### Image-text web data
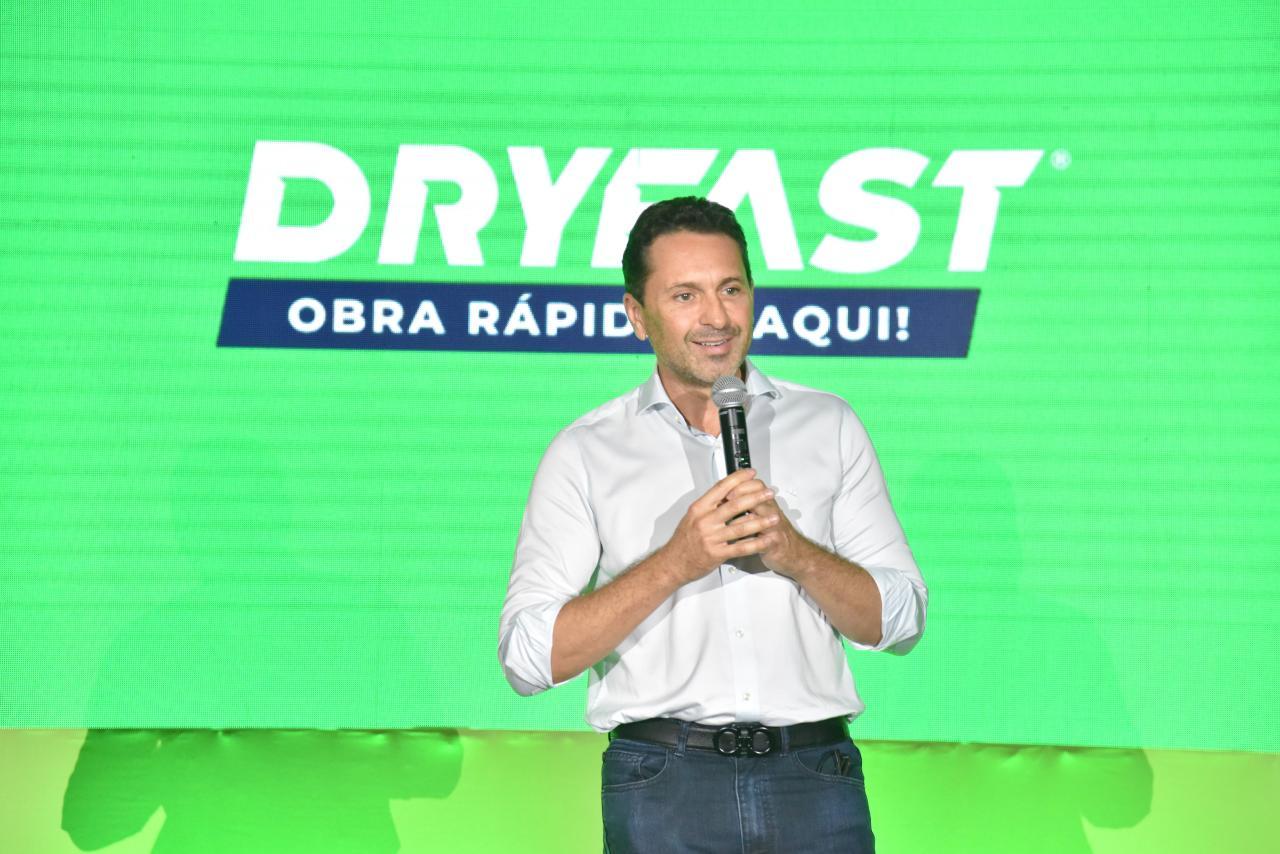 Prefeito Vilela está entre os 10 melhores gestores das maiores cidades do Brasil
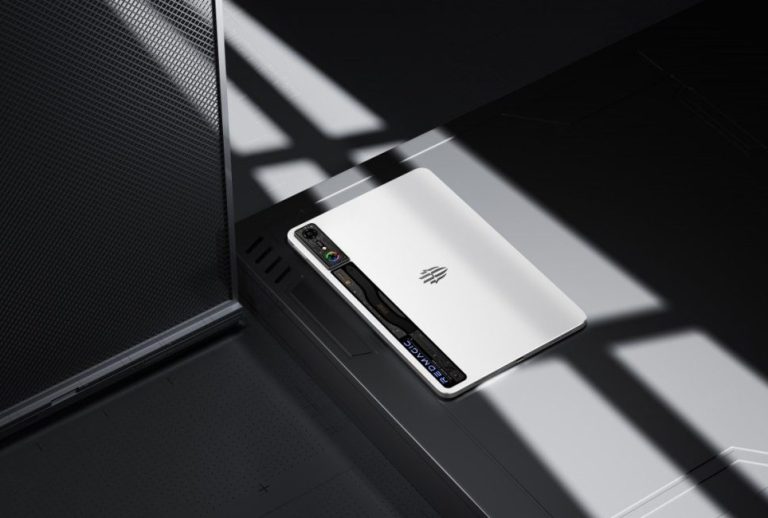 تبلت گیمینگ رد مجیک نوا با تراشه قدرتمند اسنپدراگون 8 نسل 3 رونمایی شد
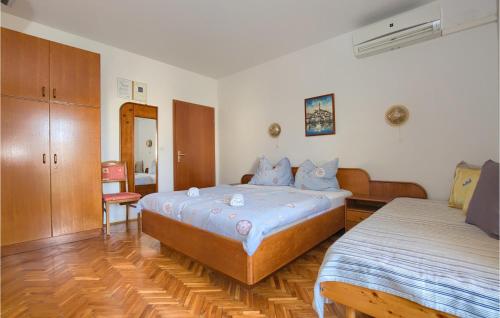 Lovely Apartment In Pula With Wifi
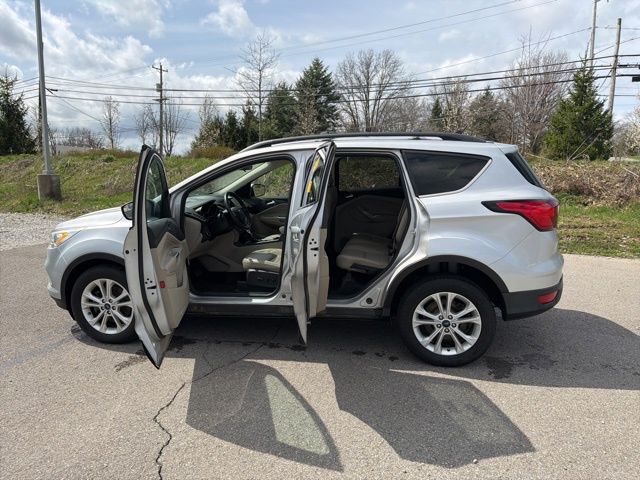 Thumbnail: 2019 Ford Escape - 16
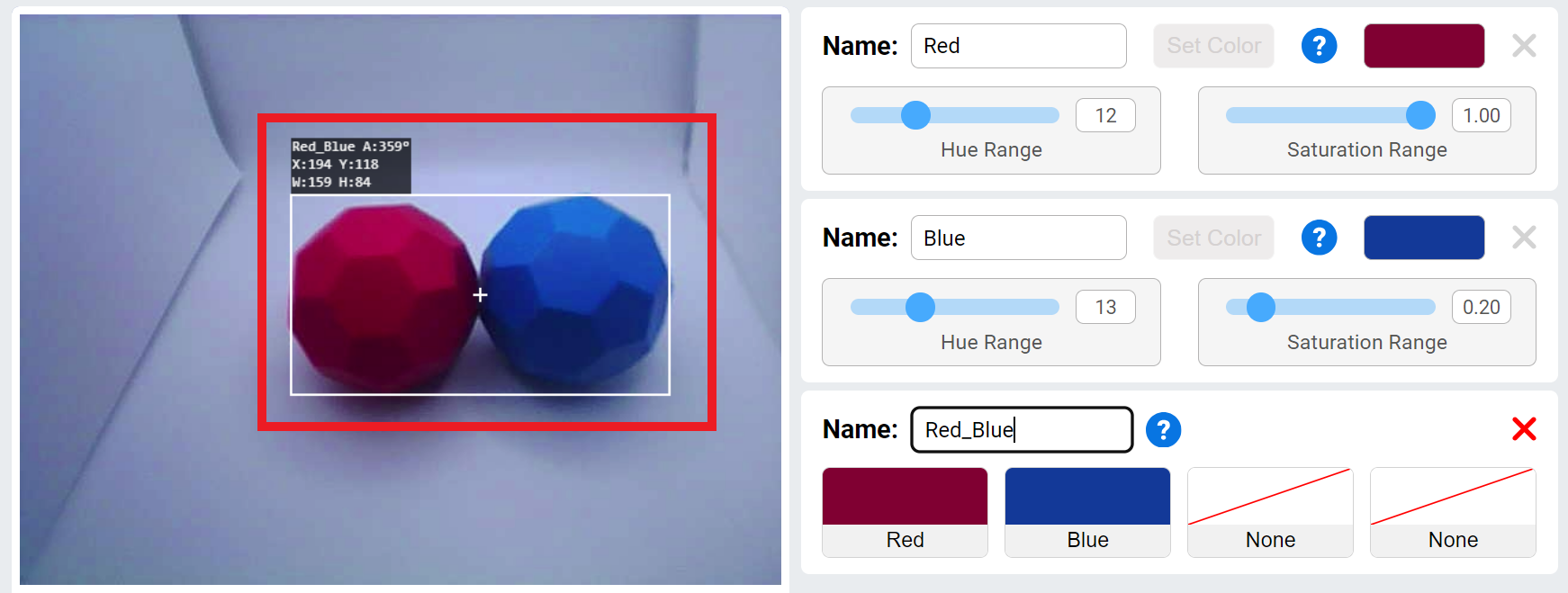 De videofeed toont de blauwe en rode kubussen die dicht bij elkaar zijn geplaatst. De AI Vision Sensor identificeert dit als de BlueRed-kleurcode.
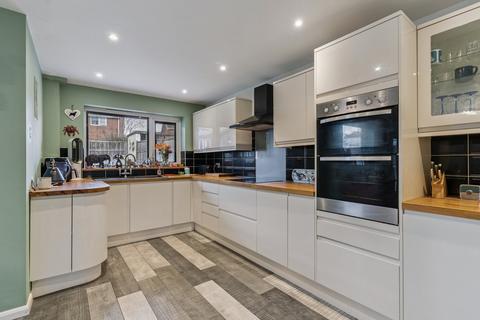 4 bedroom semi-detached house for sale, Sunnybank, St Neots PE19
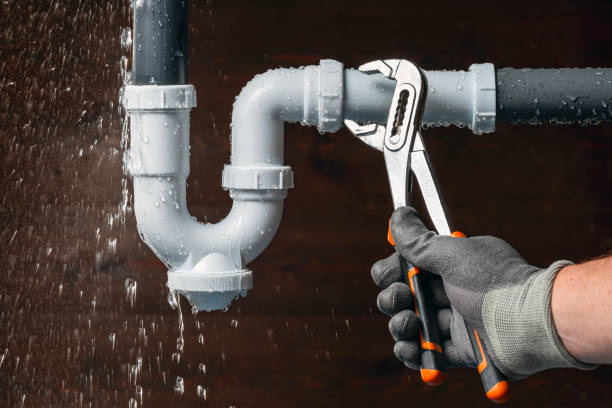 Professional Plumbing technician working in District Heights, MD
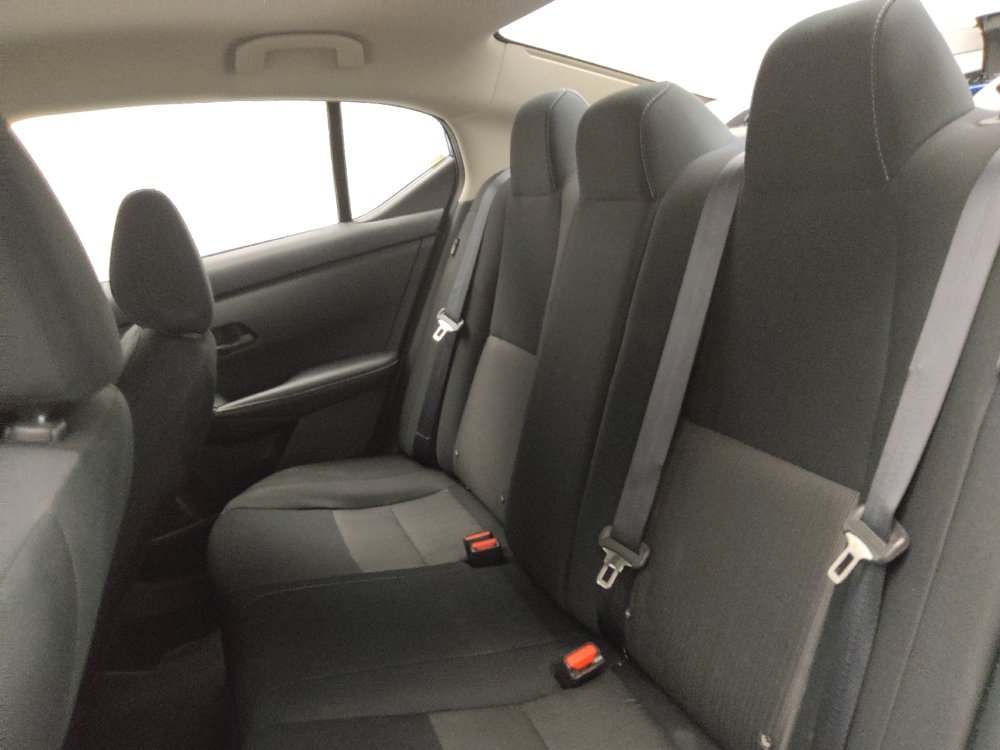 Used 2025 Nissan Sentra SV FWD image 18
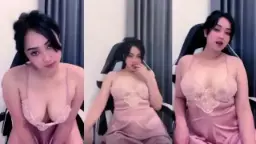 Dhea Cantik Menggoda dengan Lingerie Pink yang Memikat dan Menggairahkan
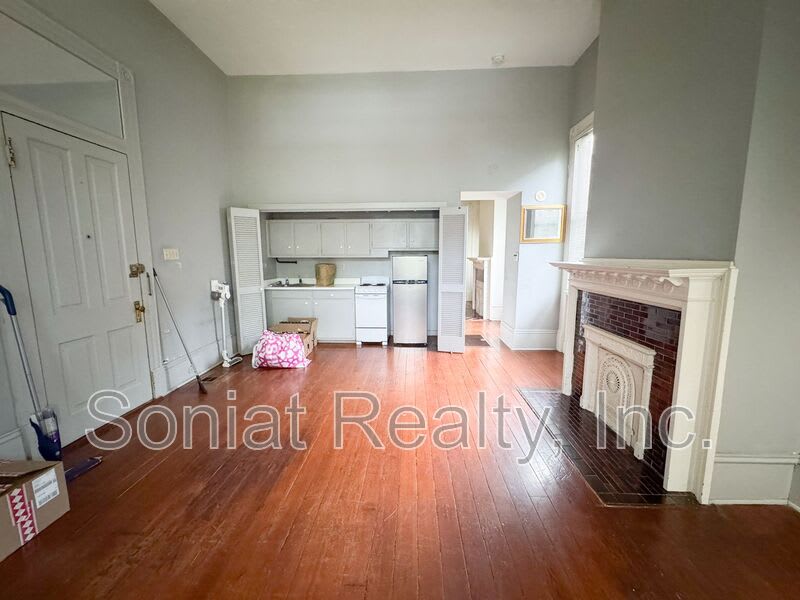 3707 Camp St. – photo 3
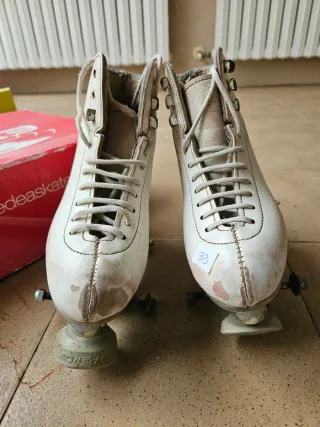 Patines artísticos blancos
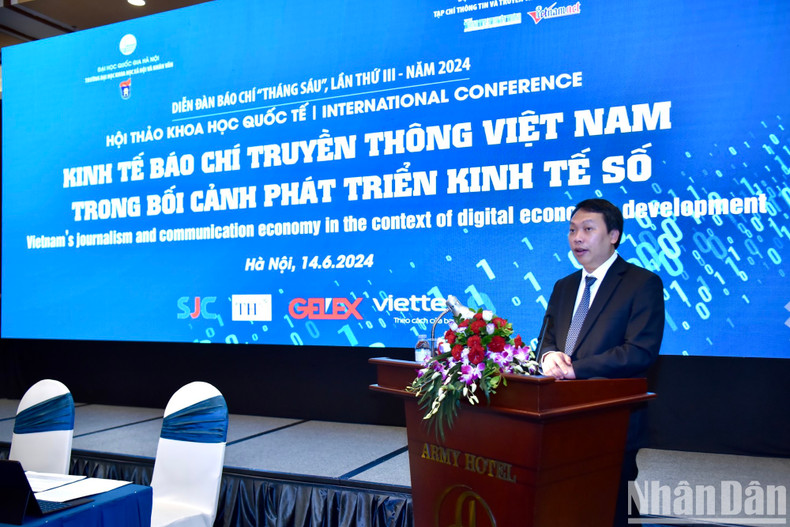 El viceministro de Información y Comunicaciones, Nguyen Huy Dung, informa sobre los ingresos de periódicos y revistas en los primeros nueve meses de 2023.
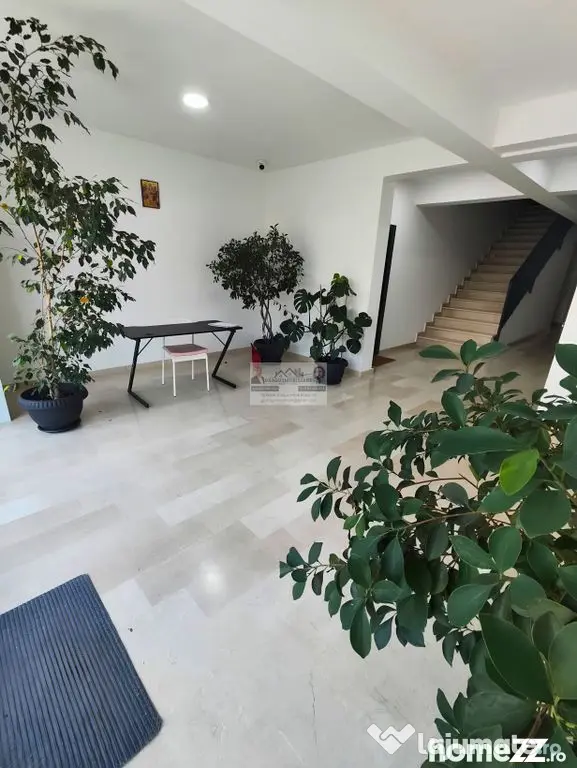 Apartament modern cu 2 camere de închiriat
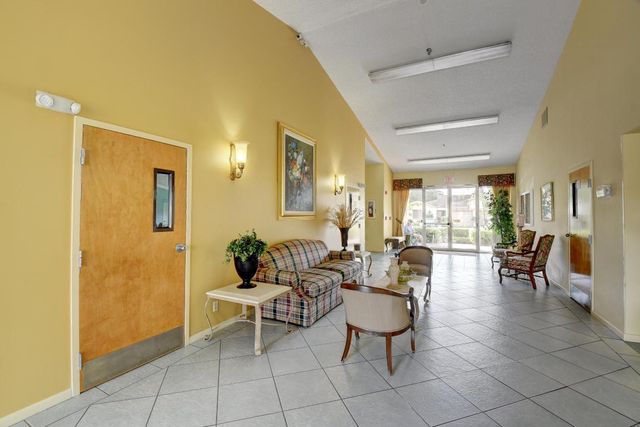 18559 Breezy Palm Way, Boca Raton, FL 33496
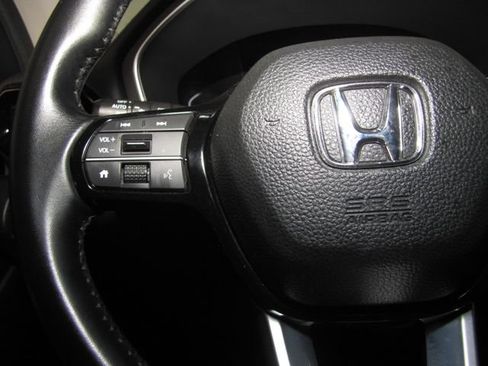 Certified 2025 Honda Pilot Touring image 5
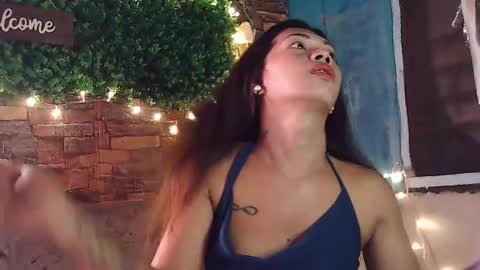 glamorous_trixie online show from 16, 12, 2025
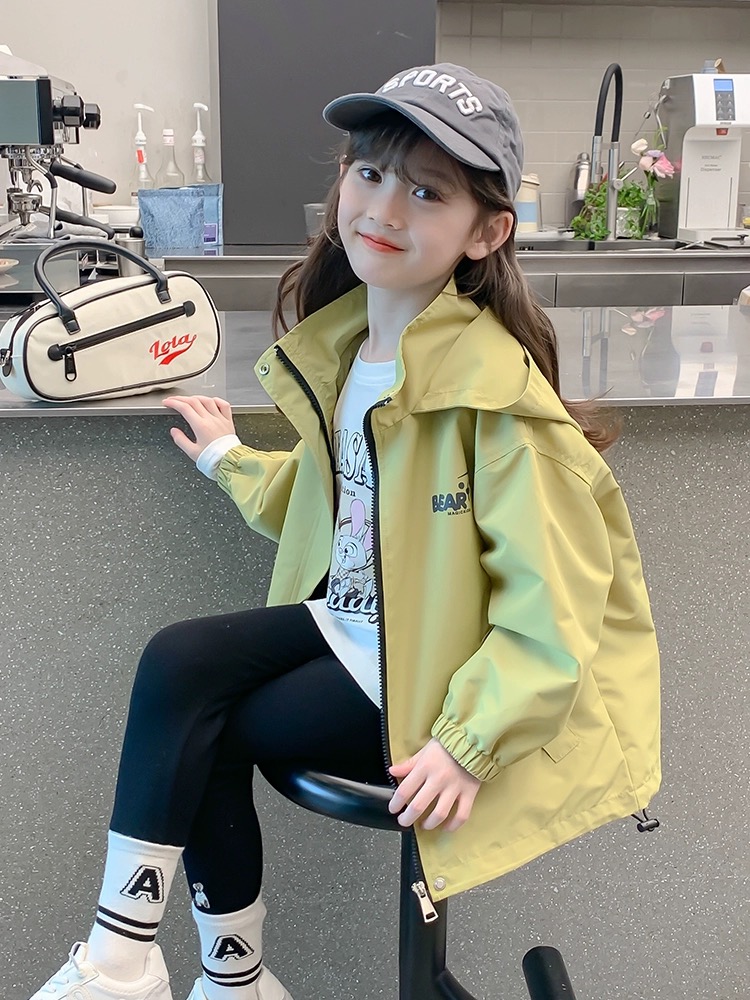 女童冲锋衣外套秋装2025新款洋气儿童春秋款小女孩运动连帽上衣潮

### WHAT YOU ARE ASKED TO DO
The expected output is an exact copy of the lines from the top of the data above through the line containing "Apartament modern cu 2 camere de închiriat", both included, with every picture omitted.

### REPLY TO THE EXERCISE
 Prefeito Vilela está entre os 10 melhores gestores das maiores cidades do Brasil
 تبلت گیمینگ رد مجیک نوا با تراشه قدرتمند اسنپدراگون 8 نسل 3 رونمایی شد
 Lovely Apartment In Pula With Wifi
 Thumbnail: 2019 Ford Escape - 16
 De videofeed toont de blauwe en rode kubussen die dicht bij elkaar zijn geplaatst. De AI Vision Sensor identificeert dit als de BlueRed-kleurcode.
 4 bedroom semi-detached house for sale, Sunnybank, St Neots PE19
 Professional Plumbing technician working in District Heights, MD
 Used 2025 Nissan Sentra SV FWD image 18
 Dhea Cantik Menggoda dengan Lingerie Pink yang Memikat dan Menggairahkan
 3707 Camp St. – photo 3
 Patines artísticos blancos
 El viceministro de Información y Comunicaciones, Nguyen Huy Dung, informa sobre los ingresos de periódicos y revistas en los primeros nueve meses de 2023.
 Apartament modern cu 2 camere de închiriat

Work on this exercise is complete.